- **WORK REQUEST**: Using the data that follows, say how many lines contain the word "Ford", giving the number by itself.

<<<<

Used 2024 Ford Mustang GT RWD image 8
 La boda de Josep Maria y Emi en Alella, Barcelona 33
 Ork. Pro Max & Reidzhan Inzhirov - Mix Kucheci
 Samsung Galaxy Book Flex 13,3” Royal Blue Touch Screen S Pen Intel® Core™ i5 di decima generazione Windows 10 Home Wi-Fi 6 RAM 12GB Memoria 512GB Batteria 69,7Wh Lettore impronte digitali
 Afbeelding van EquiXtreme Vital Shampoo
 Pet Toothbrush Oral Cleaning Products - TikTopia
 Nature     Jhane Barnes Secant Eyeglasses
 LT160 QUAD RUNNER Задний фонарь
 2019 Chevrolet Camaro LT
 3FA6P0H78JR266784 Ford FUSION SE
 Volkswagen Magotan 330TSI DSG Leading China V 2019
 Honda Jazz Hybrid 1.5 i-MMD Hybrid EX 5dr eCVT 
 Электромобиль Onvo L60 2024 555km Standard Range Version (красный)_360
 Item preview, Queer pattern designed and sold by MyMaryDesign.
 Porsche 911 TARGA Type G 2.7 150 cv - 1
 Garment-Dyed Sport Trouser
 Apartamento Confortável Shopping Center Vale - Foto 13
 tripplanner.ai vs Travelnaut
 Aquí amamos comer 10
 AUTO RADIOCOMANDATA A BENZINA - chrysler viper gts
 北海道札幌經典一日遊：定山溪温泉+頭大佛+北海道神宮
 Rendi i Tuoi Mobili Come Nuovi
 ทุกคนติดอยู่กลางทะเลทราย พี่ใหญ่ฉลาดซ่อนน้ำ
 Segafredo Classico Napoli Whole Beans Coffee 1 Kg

>>>>

- **ANSWER SPACE**: 2